I crawled into the mound to see what he talked about. Covered in black dirt and blood, he dug frantically.
“Trip, whose blood are you covered in?” I sounded old, even to me.
“What?” Trip ceased digging long enough to glance at me. I pointed to his back. “Oh, that. The rain is acidic, did you know?”
“Trip, are those acid burns?” Tara asked.
“Yeah, don’t worry about it. Kate, we’ve got to get Kate away from that thing.”
“What? What took Kate?”
“I didn’t see clearly. Tentacles, that’s all I saw.”
“Dig!” I commanded, and we positioned ourselves against the mound and frantically dug away the ground.
“This isn’t getting us anywhere!” Tara growled after we had dug three feet down and saw nothing. “I’ll go get a shovel.” She darted out of the mound and kicked against the side to launch toward base camp.
“Are you sure it came from under the ground and not outside?”
“Yeah, no doubt.”
“How did it manage to get her away from you?” My anger spilled over as I attacked the ground with a vengeance.
Trip didn’t say anything. I didn’t want to fight with him, so we just kept digging furiously.
After we shunted dirt for another three feet, the soil changed color and consistency. Moist foul smelling fumes rose out of the ground and a flat black surface appeared.
Trip and I glanced at each other then back to the strange layer.
“Is it a door?”
“It doesn’t feel completely solid.” Trip pushed the toe of his shoe against it, and it gave under the pressure.
I knelt down and smoothed the dirt away and explored. “It feels like Shamu.”
“What?”
“You know, the killer whale at Sea World?” I explained. “It’s cool to the touch. Weird.”
Trip scowled at the offensive surface.
“I can feel it pulsing. Like, like—”
“It’s alive.” Trip finished.
Tara and Dirk bumped against the mound with two shovels.
“Give it here,” Trip demanded. He slammed the shovel into the smooth surface.
I yelled at him to stop, but too late.
THE WHOLE WORLD
pitched and trembled beneath our feet. Soil rained down from the mound arch onto our heads.
“Time to get out!” Dirk reached into the hole and yanked us both up and out of the mound.
We soared into the air and hovered about the strange planet as it shuddered and rolled. The mounds erupted with steam spouts all around us.
“Get away from them!” Dirk commanded and we all attempted to position ourselves high above and between the steam jets. Mel’s leg got caught in a spout of hot steam. She screamed and writhed. Donnie jerked her away from the stream, and they shot up into the sky.
We climbed as high as we could, but the higher we got the denser the fog of steam that gathered around us. I stayed at the bottom edge of the steam cloud searching for any clue as to Kate’s whereabouts.

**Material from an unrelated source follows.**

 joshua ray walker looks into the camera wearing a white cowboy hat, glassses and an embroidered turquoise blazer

I noticed intermittent breaks in the steam spouts. The stream paused and dark, solid objects flew from the mouth of the mounds with sputtering expulsion, then the jet resumed. The mound below me sputtered. I positioned myself to the side. The object vaulted out of the mound toward me, and I snatched it before it whizzed past.

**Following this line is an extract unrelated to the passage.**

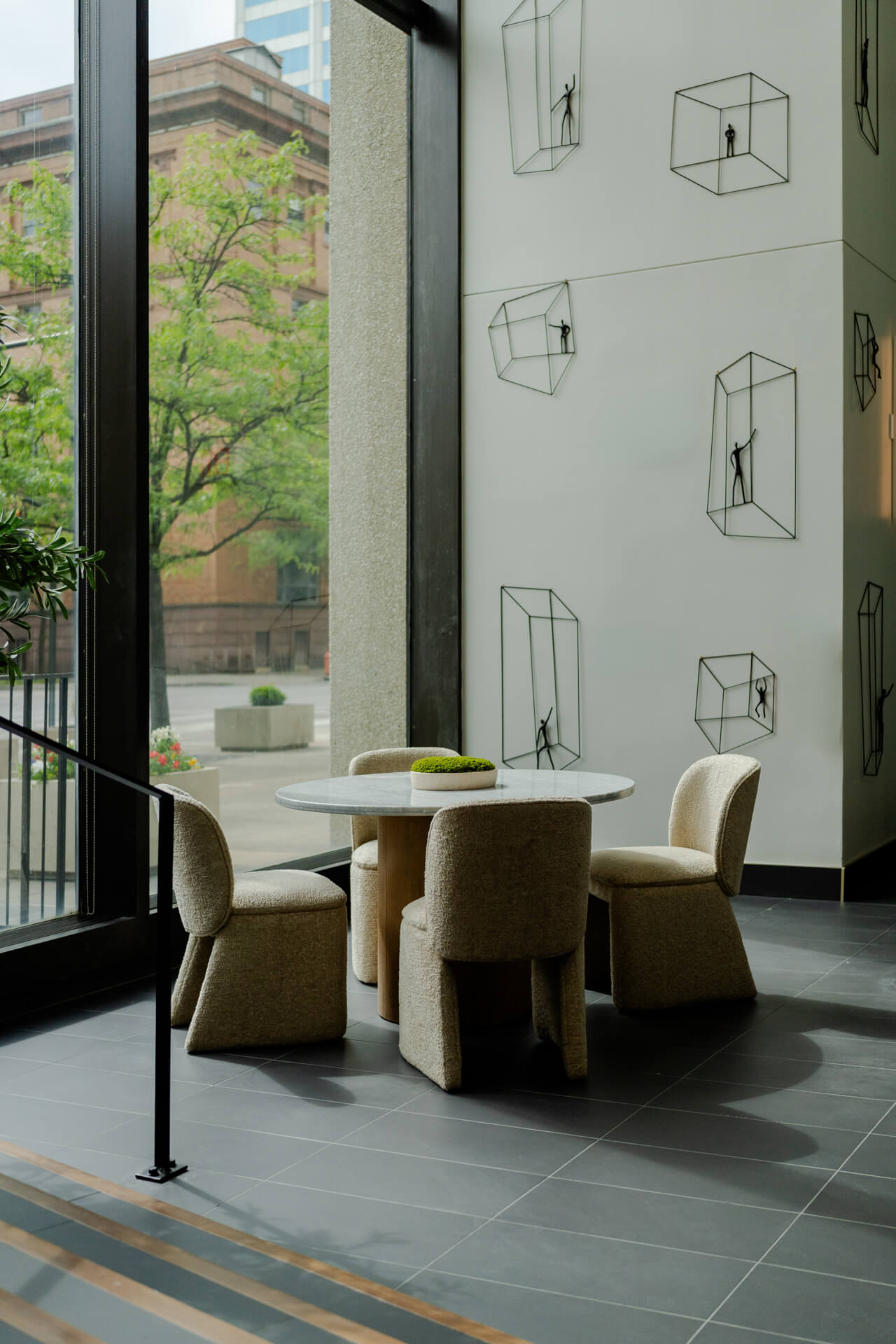 Table with green chairs and wall art in Continental Tower lobby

I examined the black object covered in a tarry slick. I switched hands, and the sticky black substance stretched from my hand to the object.
“Corey!” Eunavae exclaimed.
I nodded at her. Yes, she had recognized it too. A human bone, a femur, stuck to my hand. I tried to drop it, but with no gravity to help dislodge the macabre thing, it clung to me like the web of a giant spider. I flung my hand, and the sticky black substance elongated and snapped as the bone released in the momentum.